I was looking over the WSJ coverage of the tsunami disaster in Southeast Asia. They had an article on blog opinions of the disaster, and one quote caught my eye:
On the Web site of the Poynter Institute, a journalism watchdog, Jill Geisler wonders how much time, money and effort the U.S. media will invest in covering a disaster that took place on the other side of the world. "Will this story get as much coverage as the Scott Peterson case?"
I've heard of Scott Peterson. That's because Dave Barry refered to the Scott Peterson case several times over the course of his "2004 in review" essay.
What I know about Scott Peterson is:
- He's some kind of celebrity. I don't actually know what sort. Movie star? Football player? Rap singer? Politician? Beats me. For all I know, what he's famous for it being involved in his namesake case.
- He was or is on trial. No, wait. Maybe someone else is on trial for commiting a crime against him. I guess I don't actually know which, because every reference I've seen to the Scott Peterson case has assumed that I already knew all about it.
- And ... no, wait. That's it. I have exhausted my entire supply of Scott-Peterson knowledge in two points.
It's not that I want to know. Neither Mr. Barry nor Ms. Geisler have given me reason to think I'm missing some important information on American society, or that the World is Depending on my having an informed opinion on the Scott Peterson Case.
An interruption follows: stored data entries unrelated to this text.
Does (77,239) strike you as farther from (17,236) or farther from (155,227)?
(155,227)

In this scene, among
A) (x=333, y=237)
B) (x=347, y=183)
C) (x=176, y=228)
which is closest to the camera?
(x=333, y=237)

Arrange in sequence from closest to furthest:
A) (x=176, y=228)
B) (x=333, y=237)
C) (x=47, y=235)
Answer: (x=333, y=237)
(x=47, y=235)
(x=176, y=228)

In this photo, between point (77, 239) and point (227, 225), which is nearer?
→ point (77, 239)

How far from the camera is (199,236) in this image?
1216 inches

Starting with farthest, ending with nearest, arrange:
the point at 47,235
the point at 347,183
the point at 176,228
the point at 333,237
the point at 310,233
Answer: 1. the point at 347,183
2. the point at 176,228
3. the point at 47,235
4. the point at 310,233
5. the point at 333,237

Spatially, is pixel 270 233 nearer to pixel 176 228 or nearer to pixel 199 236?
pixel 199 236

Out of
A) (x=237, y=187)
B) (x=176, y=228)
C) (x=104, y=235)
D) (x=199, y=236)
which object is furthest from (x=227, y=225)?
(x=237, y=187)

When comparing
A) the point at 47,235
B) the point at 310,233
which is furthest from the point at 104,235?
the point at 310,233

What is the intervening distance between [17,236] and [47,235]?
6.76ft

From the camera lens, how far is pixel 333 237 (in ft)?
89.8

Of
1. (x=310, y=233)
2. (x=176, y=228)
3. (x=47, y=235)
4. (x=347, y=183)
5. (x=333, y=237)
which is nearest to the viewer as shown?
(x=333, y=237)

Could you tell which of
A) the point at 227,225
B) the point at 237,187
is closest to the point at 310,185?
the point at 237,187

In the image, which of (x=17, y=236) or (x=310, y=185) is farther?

If I wanted to know, I would Google it and find out.
Instead, the feeling I have gotten from these references is that I (a) am living in a cave and (b) have achieved a magical, almost surreal state of ignorance for an American citizen. And having preserved my innocence this long, why not hang onto it a bit longer?
About the tsunami ...
On Monday, I suggested to one person at Toddler Bank that the bank should do some kind of fundraiser for the victims. Toddler bank raises money for a number of different causes throughout the year, and I thought, well, this is a good one.
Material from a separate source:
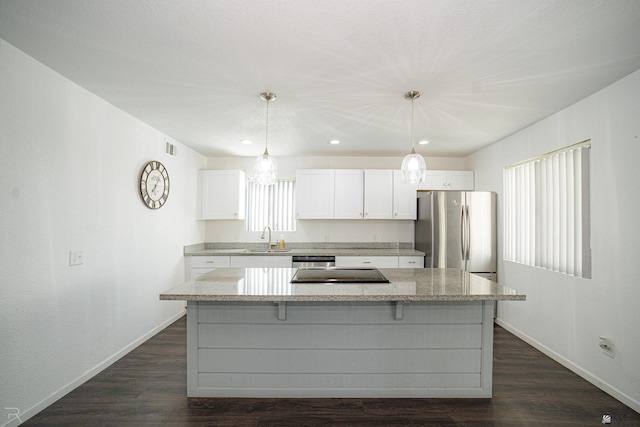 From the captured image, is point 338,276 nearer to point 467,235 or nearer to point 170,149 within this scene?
point 467,235

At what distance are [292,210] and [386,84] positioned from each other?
2910 millimetres

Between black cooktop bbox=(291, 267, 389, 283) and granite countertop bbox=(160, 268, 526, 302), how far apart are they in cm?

Part of her response was: "Well, we do a lot of fundraisers already, and I don't want to pressure employees to give more than they already do. Besides, there's always a disaster happening somewhere in the world."
It's that last part that got to me: there's always a disaster happening somewhere in the world. Well, yes. There is. And we hear about them, in dribs and drabs: hundreds dying in this hurricane on a tropical island, thousands from a gas main explosion, millions of dollars in damage from wild fires.
But the death toll from the tsunamis had already reached 22,000 by Monday morning. (As of this writing: 117,000 and still rising.) The UN was already predicting this to be the costliest disaster ever.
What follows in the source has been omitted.